- Breed: Standardbred
- Sire: Vance Hanover (US)
- Grandsire: Albatross (US)
- Dam: Disco Girl (NZ)
- Maternal grandsire: Berry Hanover (US)
- Sex: Gelding
- Foaled: 1986-11-05
- Country: New Zealand
- Breeder: R Reid, Estate L F Reid (Waiuku)
- Owner: R R Reid & J C Reid & Lorna Reid Syndicate
- Trainer: Roy & Barry Purdon, Clevedon

Record
- 121 starts: 38 wins 41 placings

Earnings
- NZ$1,747,167

Awards
- New Zealand Horse of the Year

= Christopher Vance =

New Zealand Standardbred racehorse

Christopher Vance (5 November 1986 – 13 December 2016) was a Group One-winning New Zealand Standardbred racehorse, trained by Roy and Barry Purdon and generally driven by Barry Purdon or Tony Herlihy.

==Racing career==

He was the 1991–92 New Zealand Horse of the Year after winning both the major New Zealand races, the New Zealand Cup and Auckland Cup, as well as the Miracle Mile Pace at Harold Park in Australia.

Christopher Vance was not as dominant in the following seasons but remained competitive against top class opposition such as Blossom Lady, Master Musician, Jack Morris and Chokin. In the following year's New Zealand Cup he was 3rd from a 15-metre handicap and breaking at the beginning of the race. In the 1993 Inter Dominion Pacing Championship he won a heat in 1:54.5 for the mile before going on to run 4th in the final.

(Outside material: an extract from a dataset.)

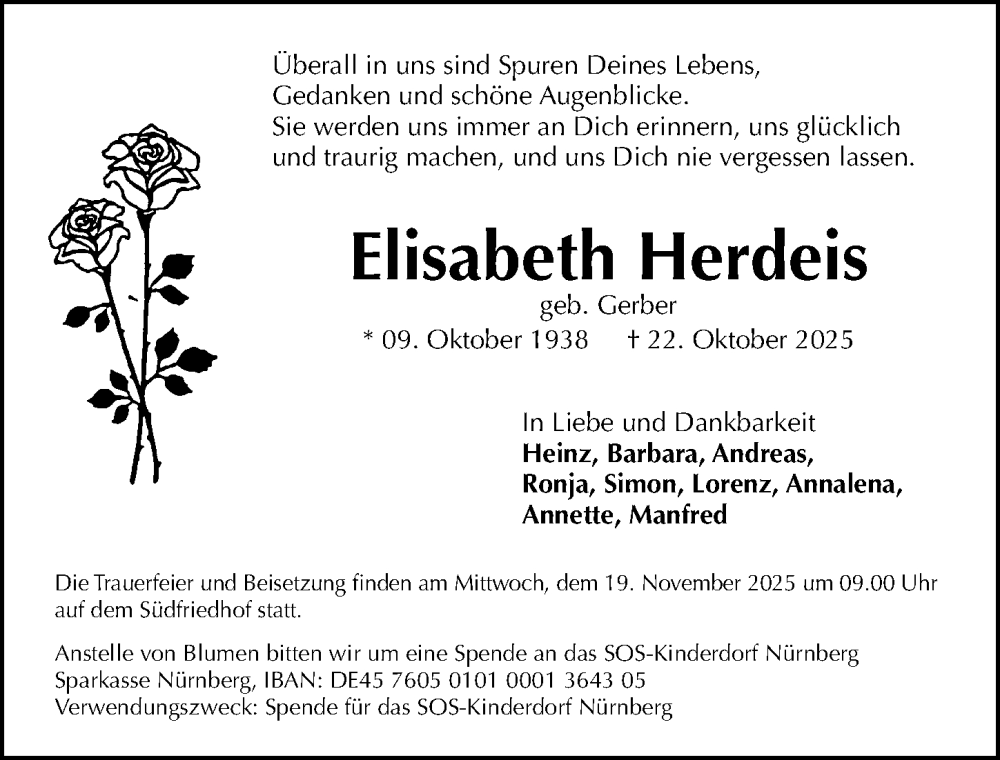  Traueranzeige für Elisabeth Herdeis vom 15.11.2025 aus Gesamtausgabe Nürnberger Nachrichten/ Nürnberger Ztg.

Notable performances by Christopher Vance include:

| Placing | Year | Race | 1st | 2nd | 3rd |
|---|---|---|---|---|---|
| 1st | 1990 | Great Northern Derby | Christopher Vance | Mark Hanover | Amos Lee. |
| 2nd | 1990 | Auckland Cup | The Bru Czar | Christopher Vance | Tight Connection |
| 1st | 1991 | Noel J Taylor Memorial Mile | Christopher Vance | Mark Hanover | Franco Ice |
| 1st | 1991 | New Zealand Messenger | Christopher Vance | Franco Ice | Mark Hanover |
| 1st | Nov 1991 | New Zealand Trotting Cup | Christopher Vance | Clancy | Surmo Way |
| 1st | Nov 1991 | Miracle Mile Pace | Christopher Vance | Defoe | Westburn Grant |
| 1st | Dec 1991 | Auckland Cup | Christopher Vance | Starship | The Bru Czar |
| 3rd | Nov 1992 | New Zealand Trotting Cup | Blossom Lady | Giovanetto | Christopher Vance |
| 3rd | Nov 1992 | New Zealand Free For All | Blossom Lady | Sogo | Christopher Vance |
| 2nd | Nov 1992 | Miracle Mile Pace | Franco Tiger | Christopher Vance | Jack Morris |
| 3rd | Dec 1992 | M. H. Treuer Memorial | Jack Morris | Band Magic | Christopher Vance |
| 2nd | Dec 1992 | Auckland Cup | Master Musician | Christopher Vance | The Bru Czar |
| 2nd | Apr 1993 | Inter Dominion Pacing Championship heat | Blossom Lady | Christopher Vance | Westburn Grant |
| 1st | Apr 1993 | Inter Dominion Pacing Championship heat | Christopher Vance | Master Musician | Warrior Khan |
| 3rd | Apr 1993 | Inter Dominion Pacing Championship heat | Jack Morris | Rustic Lad | Christopher Vance |
| 4th | May 1993 | Inter Dominion Pacing Championship final | Jack Morris | Warrior Khan | Blossom Lady |
| 3rd | Dec 1993 | Auckland Cup | Chokin | Franco Ice | Christopher Vance |
| 2nd | Feb 1994 | A G Hunter Cup | Blossom Lady | Christopher Vance | The Unicorn |
| 1st | March 1994 | Inter Dominion Pacing Championship Consolation final | Christopher Vance | Our New Life | Tact Rashad |
| 3rd | Dec 1994 | Auckland Cup | Chokin | Franco Ice | Christopher Vance |

From April to August 1995 Christopher Vance was driven in a number of Australian races by Brian and Darren Hancock, only managing to win two lesser events. He was then brought back to New Zealand to race but failed to manage a top three placing in his final campaign. His last race was a sixth placing in the Courier Post Flying Mile (Group 2) at Cambridge behind Victor Supreme on 16 February 1996.

During his retirement years, Christopher Vance lived at Cambridge Stud, where he was a companion to the champion thoroughbred Rough Habit. The two were buried next to each other, Christopher Vance dying a month past his 30th birthday.